Es war die Berliner Staatsanwaltschaft, die auch die Ladung jener Polizisten verhinderte, die Benno Ohnesorg "fest im Griff" gehalten hatten, als er von Kurras seitlich hinter dem rechten Ohr getroffen wurde. Gerade als der ermittelnde Kripo-Beamte diese Polizisten vernehmen wollte, zog die Staatsanwaltschaft das Verfahren mit sofortiger Wirkung an sich.

Von vornherein wurde gegen Kurras lediglich wegen "fahrlässiger Tötung" verhandelt. Der Angeklagte wurde freigesprochen, obwohl die Beweisaufnahme eindeutig ergeben hatte, dass er Ohnesorg getötet hatte, diese Tötung rechtswidrig war und eine Notwehrsituation, auch putative Notwehr, zweifelsfrei auszuschließen ist. Kurras habe Ohnesorg nicht verletzen oder töten wollen. Daher käme nur fahrlässige Tötung in Betracht, doch müsse dem Angeklagten nachgewiesen werden, was er falsch gemacht habe und ob es ihm subjektiv möglich und zumutbar gewesen wäre, diesen Fehler zu vermeiden. "Es lässt sich nicht ausschließen, dass es sich beim Abdrücken der Pistole um ein ungesteuertes, nicht vom Willen beherrschtes Fehlverhalten des Angeklagten gehandelt hat." Der Richter, der diesen Satz in das Urteil schrieb, wird sicher eine Aussage von Kurras gegenüber dem Stern-Reporter Heiko Gebhardt vom Juni 1967 gekannt haben: "Wenn ich gezielt geschossen hätte, wie es meine Pflicht gewesen wäre, wären mindestens 18 Mann tot gewesen."

Kurras lebt heute in einem in die Jahre gekommenen Neubaublock in Berlin-Spandau. In wenigen Tagen wird er 80 Jahre alt. Der Tod Ohnesorgs belaste ihn nicht, wie auch ein Richter, der jemand zum Tode verurteilt habe, doch wohl ruhig schlafen könne. Heutige Polizisten würden viel zu selten von der Schusswaffe Gebrauch machen. Einen Fehler könne er nicht erkennen. "Wer mich angreift, wird vernichtet. Aus. Feierabend. So is das zu sehen."

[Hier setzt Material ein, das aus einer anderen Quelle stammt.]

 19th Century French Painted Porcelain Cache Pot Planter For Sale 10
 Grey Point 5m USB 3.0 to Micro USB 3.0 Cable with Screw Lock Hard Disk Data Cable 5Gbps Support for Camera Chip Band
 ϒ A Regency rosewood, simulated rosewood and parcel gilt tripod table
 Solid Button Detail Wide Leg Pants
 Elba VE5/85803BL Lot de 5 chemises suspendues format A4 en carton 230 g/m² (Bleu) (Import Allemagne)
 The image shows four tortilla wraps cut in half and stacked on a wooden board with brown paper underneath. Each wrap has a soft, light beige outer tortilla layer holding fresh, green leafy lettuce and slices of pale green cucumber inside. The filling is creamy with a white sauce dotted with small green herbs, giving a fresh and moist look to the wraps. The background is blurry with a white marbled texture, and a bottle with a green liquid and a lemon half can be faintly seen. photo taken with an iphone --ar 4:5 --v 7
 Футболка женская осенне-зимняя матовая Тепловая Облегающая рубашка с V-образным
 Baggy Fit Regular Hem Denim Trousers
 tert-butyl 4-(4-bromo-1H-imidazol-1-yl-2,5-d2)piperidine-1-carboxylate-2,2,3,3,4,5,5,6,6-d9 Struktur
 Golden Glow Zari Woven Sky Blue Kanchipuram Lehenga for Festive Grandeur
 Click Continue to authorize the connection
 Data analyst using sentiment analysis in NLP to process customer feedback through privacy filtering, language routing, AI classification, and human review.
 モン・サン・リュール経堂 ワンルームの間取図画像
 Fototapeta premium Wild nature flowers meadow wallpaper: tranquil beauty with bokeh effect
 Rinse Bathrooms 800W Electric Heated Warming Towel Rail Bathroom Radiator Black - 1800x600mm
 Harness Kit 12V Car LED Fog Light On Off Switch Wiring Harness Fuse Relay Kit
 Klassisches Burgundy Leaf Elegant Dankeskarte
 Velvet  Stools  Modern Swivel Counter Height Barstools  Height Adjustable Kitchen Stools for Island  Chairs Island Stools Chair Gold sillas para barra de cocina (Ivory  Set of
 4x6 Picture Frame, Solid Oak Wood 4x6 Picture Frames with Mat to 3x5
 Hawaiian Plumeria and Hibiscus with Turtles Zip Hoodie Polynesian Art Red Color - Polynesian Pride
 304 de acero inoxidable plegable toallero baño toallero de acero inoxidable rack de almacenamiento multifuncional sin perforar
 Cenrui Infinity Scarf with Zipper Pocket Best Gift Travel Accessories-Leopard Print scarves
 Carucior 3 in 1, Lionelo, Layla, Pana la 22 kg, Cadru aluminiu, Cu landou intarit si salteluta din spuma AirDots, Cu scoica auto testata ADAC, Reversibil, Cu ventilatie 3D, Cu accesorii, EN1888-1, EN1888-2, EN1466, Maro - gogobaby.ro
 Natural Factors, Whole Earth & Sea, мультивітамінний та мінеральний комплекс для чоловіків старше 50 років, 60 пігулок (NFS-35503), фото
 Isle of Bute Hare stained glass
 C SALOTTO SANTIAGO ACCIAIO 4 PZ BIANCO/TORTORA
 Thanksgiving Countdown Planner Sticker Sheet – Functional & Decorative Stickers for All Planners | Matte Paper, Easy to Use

Die Revisionsverhandlung gegen Kurras ein Jahr später platzte, als der Anwalt der Nebenklägerin, Horst Mahler, einen vollkommen sachfremden Streit vom Zaun brach: Er weigerte sich plötzlich, vor dem Gericht in seiner Robe zu erscheinen. Die dritte Verhandlung, in der Kurras keinerlei Aussagen mehr machte außer der, dass ihm der Tod Ohnesorgs sehr nahe gegangen sei, führte 1971 erneut zu einem Freispruch. All die Jahre war Kurras vom Polizeidienst suspendiert. Die freie Zeit füllt er mit Nebentätigkeiten als Wachmann und Kaufhausdetektiv. Mahler hatte sich mittlerweile aus seinem bürgerlichem Leben verabschiedet - in Richtung RAF.